I don’t think it’s out of the ordinary to feel that way, though. In fact, I’m confident we’ve all been there—we just cover up our emptiness with a cross-shaped necklace, walk into church with a smile plastered on our face, and sing, “Amazing Grace” with the rest of the church choir. After all, when we live in a world that valuates us based on what we’ve earned or accomplished, the very notion that our fulfillment could be found in something (or someone) beyond ourselves and that we don’t have to do anything to earn that value is completely foreign to our sinful nature. And so we’re left feeling stuck, like we need something different, and that we need more fulfillment.
I can tell you that college has not helped this mess of a mental and spiritual predicament one bit. Remember that part where I said the world valuates us based on what we’ve earned or accomplished? Well, the problem with twenty-somethings in college is that our greatest accomplishment is somehow managing to sustain life on nothing but mac and cheese for four years. (Actually, we’re all in an undercover FDA case study, but don’t tell Kraft.) For every life accomplishment that’s not on our resume, we fall farther and farther from the bar that says we’ve “measured up.” And that’s exactly what it feels like—falling. Face down. On. The. Ground. And somehow, the ground I ended up on this summer was in St. Louis.
In all seriousness, though, I do love Jesus, and I do want to serve Him. It’s just really hard navigating what that looks like while also suffering from the side effects of being twenty-one, such as I don’t know what I’m doing with my life and I’m not accomplishing anything meaningful. Fortunately, though, being twenty-one is curable, and so is feeling stuck and in need of fulfillment.

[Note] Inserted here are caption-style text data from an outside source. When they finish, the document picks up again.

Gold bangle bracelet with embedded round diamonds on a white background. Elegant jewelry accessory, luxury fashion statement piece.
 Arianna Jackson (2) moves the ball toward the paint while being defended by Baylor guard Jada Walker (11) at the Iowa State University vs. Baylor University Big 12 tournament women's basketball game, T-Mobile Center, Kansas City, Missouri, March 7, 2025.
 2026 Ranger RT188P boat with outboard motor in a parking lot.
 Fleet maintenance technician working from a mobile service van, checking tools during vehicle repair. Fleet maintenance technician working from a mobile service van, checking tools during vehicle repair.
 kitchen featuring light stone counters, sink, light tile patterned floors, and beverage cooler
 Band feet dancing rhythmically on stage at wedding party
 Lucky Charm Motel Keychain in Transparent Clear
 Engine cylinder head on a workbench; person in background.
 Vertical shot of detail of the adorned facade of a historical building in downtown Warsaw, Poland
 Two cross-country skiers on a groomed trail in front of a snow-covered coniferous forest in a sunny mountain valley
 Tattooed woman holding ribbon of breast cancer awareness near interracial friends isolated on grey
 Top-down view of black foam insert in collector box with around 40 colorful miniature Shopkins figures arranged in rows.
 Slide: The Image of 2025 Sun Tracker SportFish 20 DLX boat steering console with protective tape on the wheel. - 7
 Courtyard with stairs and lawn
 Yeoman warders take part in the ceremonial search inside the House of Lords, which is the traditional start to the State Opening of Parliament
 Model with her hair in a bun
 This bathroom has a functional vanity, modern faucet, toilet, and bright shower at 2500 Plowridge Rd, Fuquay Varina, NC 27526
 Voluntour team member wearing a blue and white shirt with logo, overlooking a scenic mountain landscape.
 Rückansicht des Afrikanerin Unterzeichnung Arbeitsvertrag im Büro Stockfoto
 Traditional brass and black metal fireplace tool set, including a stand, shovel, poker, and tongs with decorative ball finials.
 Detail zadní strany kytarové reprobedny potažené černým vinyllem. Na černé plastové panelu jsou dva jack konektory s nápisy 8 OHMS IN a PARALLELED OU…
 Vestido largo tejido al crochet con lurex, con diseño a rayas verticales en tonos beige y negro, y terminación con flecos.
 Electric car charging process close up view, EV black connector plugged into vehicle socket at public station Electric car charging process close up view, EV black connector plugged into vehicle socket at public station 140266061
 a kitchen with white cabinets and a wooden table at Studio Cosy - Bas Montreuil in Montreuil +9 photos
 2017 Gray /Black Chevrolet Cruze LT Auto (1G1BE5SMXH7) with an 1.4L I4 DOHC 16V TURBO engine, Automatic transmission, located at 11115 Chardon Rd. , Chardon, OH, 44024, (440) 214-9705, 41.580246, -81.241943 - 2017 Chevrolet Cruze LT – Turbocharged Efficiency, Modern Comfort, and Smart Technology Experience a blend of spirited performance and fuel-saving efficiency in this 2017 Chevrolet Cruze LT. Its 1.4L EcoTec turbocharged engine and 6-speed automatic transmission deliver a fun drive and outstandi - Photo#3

If I measure my fulfillment by what I’ve actually accomplished this summer, I’d still be feeling pretty empty. I don’t mean to downplay the work I’m doing—I’ve just had to realize that sometimes, God works in small ways. When I go to Target because the office I’m working at needs more hand soap, that’s God working. When I empty the dishwasher at home, that’s God working. When I take the time to have a conversation and build relationships with people, that’s God working. God is so big, and we are so small, and He’s going to work how He wants to work, even when the world says we’re not measuring up because we aren’t “accomplishing” anything. As it turns out, we don’t have to accomplish anything because our biggest accomplishment—life and salvation in Christ Jesus—has already been won for us, and there’s nothing more we can do to earn or change that.
This is why the human understanding of “fulfillment” is just a rabbit hole of misguided emotions, philosophies, and selfish ambitions. We can’t create our own fulfillment—only God can. And I think God measures fulfillment in terms of relationships. In the end, it’s our relationship with Christ, who, through our Baptism and Holy Communion, brings us closer to Him and all other believers in Christ Jesus, which is the greatest fulfillment we could ever receive.
Ultimately, our value is in God’s reckless love for us, which was poured out when Jesus died on the cross and rose from the grave to save us from our sins. That love is our greatest value and reward, and because of it, we can recklessly love others.